Short hikes can be taken on these trips, but most of the time will be spent on the river. Some guides bring inflatable kayaks on Lodore trips, and allow guests to have "personal paddle time." Meals and snacks are provided on these trips. Camping equipment is necessary. Bring your own, or plan to rent from the outfitter company. Inquire for details.
Families enjoy Lodore. There are some big rapids, plus plenty of smaller ones to keep things exciting. Children as young as 8 are generally permitted. Parents will appreciate the inflatable kayak options, which allow children to shed some of their excess energy.
This can be an excellent group/corporate trip. Discounts are available; please inquire.
Lodore Canyon, located in the sprawling acreage of Dinosaur National Monument offers many miles of scenic wonderment.
The Green River, once called the seeds-ke-dee by early native Americans was explored by major John Wesley Powell in 1869. When his group of hardy explorers reached the area now called Gates of Lodore, they found the canyon to be dark and foreboding, "like a mountain drinking a river." As they began their descent into the canyon, they found the beauty of the vermillion colored walls, touched with a hint of green, awe inspiring. The name Lodore comes from that voyage, being derived from an English poem remembered by one of Powell's crew.
For years, the section of the Green called Lodore Canyon was visited only by those daring enough to tackle the swift and mighty waters. Now the waters of the Green are backed up by Flaming Gorge Dam and the flows are regulated.
The river season runs from mid-May to mid-September. Trips are typically three or four days in length. Camping is along sandy beaches within the canyon. All equipment and provisions are carried along and taken out.

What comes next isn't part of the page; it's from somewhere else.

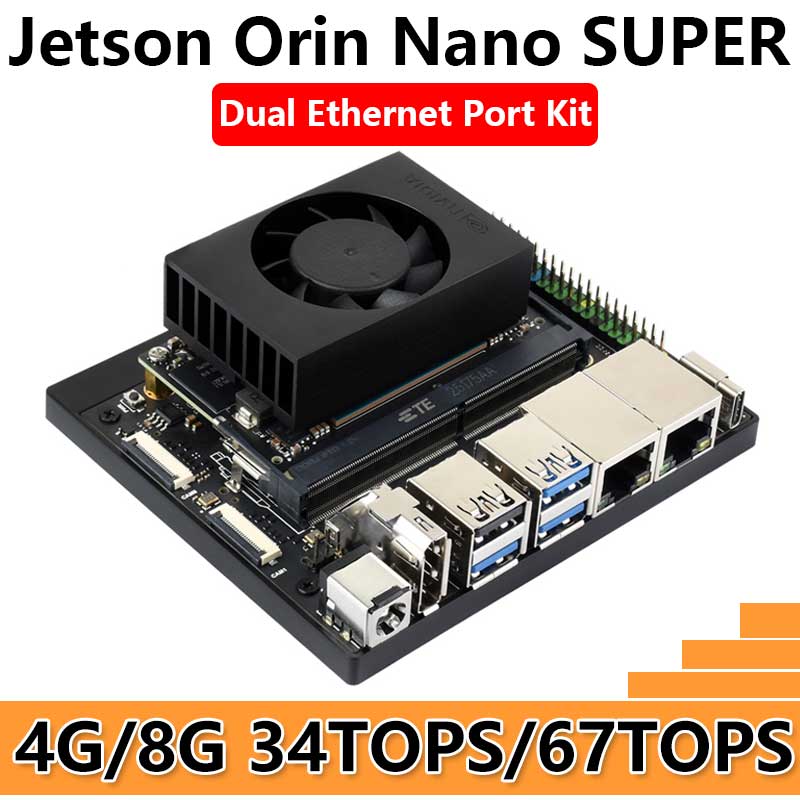 Jetson Orin Nano SUPER 4GB/8GB 34TOPS/67TOPS Dual Ethernet AI Development Board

The area is well-preserved and care is taken to ensure that it will remain for those who come after. This is definitely the most beautiful stretch of the Green. The steep, red canyon walls are contrasted by bright green Box Elder trees along the beaches. Lodge Pole pine and Douglas fir can be seen on the high ledges and canyon rims. You're always likely to see mountain sheep, mule deer and other wildlife, including river otters, which have recently been reintroduced to this area. As you float through the tranquil canyon, you can almost hear the whisperings of trappers and explorers from an era long past. In the evenings, you can sit around a campfire and listen to the stories of by-gone days. At bedtime, the soothing sound of the flowing river gently lulls you to sleep.
There's plenty of excitement too! Lodore Canyon has rapids with names like Disaster Falls, Hell's Half Mile and Triplet Falls. The average descent in the canyon is 13 feet per mile, with the lowest at 1' per mile above Disaster Falls and the greatest at 30' in Hell's Half Mile.

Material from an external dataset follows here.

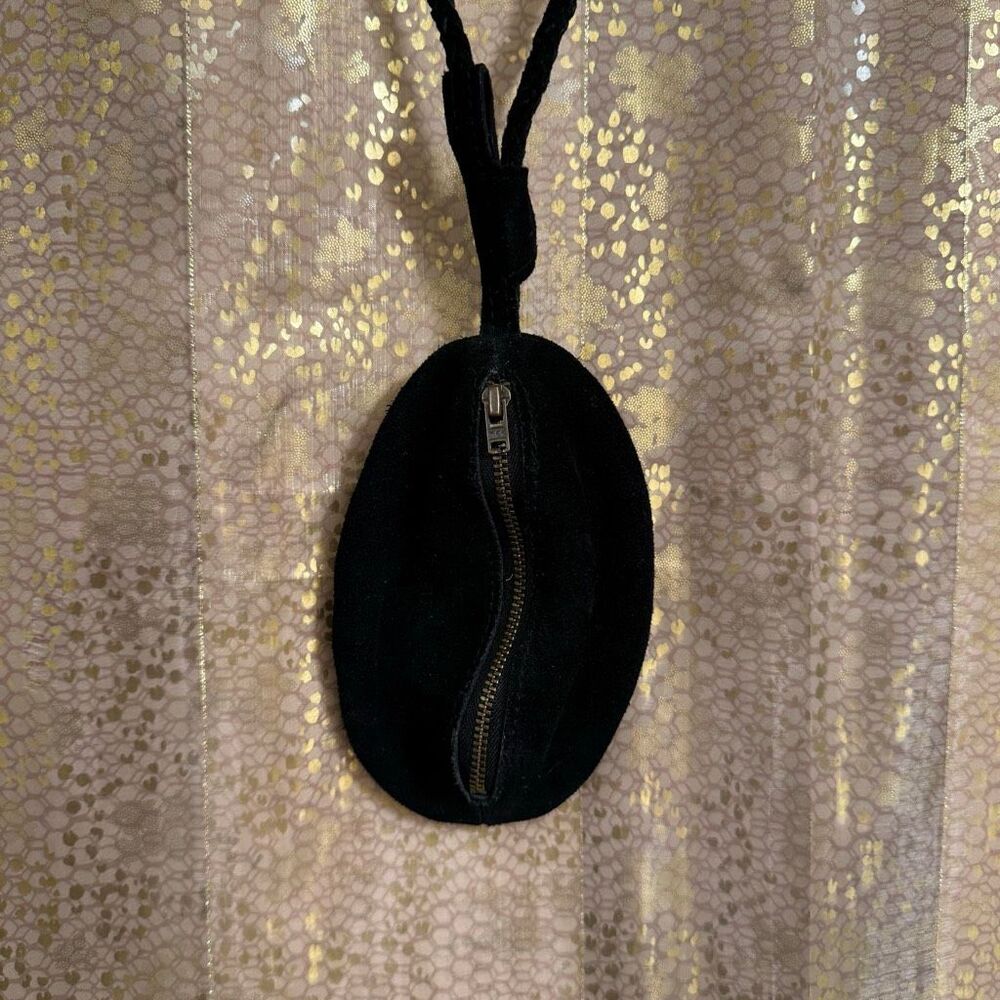 Free People Kingsley Boho Black Suede Leather Zip Wristlet Coin Pouch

Trips launch right at the Gates of Lodore at the northernmost border of Dinosaur National Monument, in Colorado. Approximately 20 miles from the launch point, at the head of Lodore Canyon, the Yampa River merges with the Green at Echo Park, site of the dramatic Steamboat Rock. You'll continue on the Green through the placid waters of Whirlpool Canyon, allowing time for reflection on the wonders you have witnessed before reaching the Canyon of Split Mountain, the final leg of the journey, and more whitewater, including Moonshine, S.O.B., Schoolboy and Inglesby rapids. Rafters will exit the river at Split Mountain Gorge, on the Utah side of the Monument, which lies adjacent to the Dinosaur Quarry. At the quarry, dinosaur bones are on exhibit and visitors can watch as technicians continue to excavate fossil remains from the face of a stone cliff.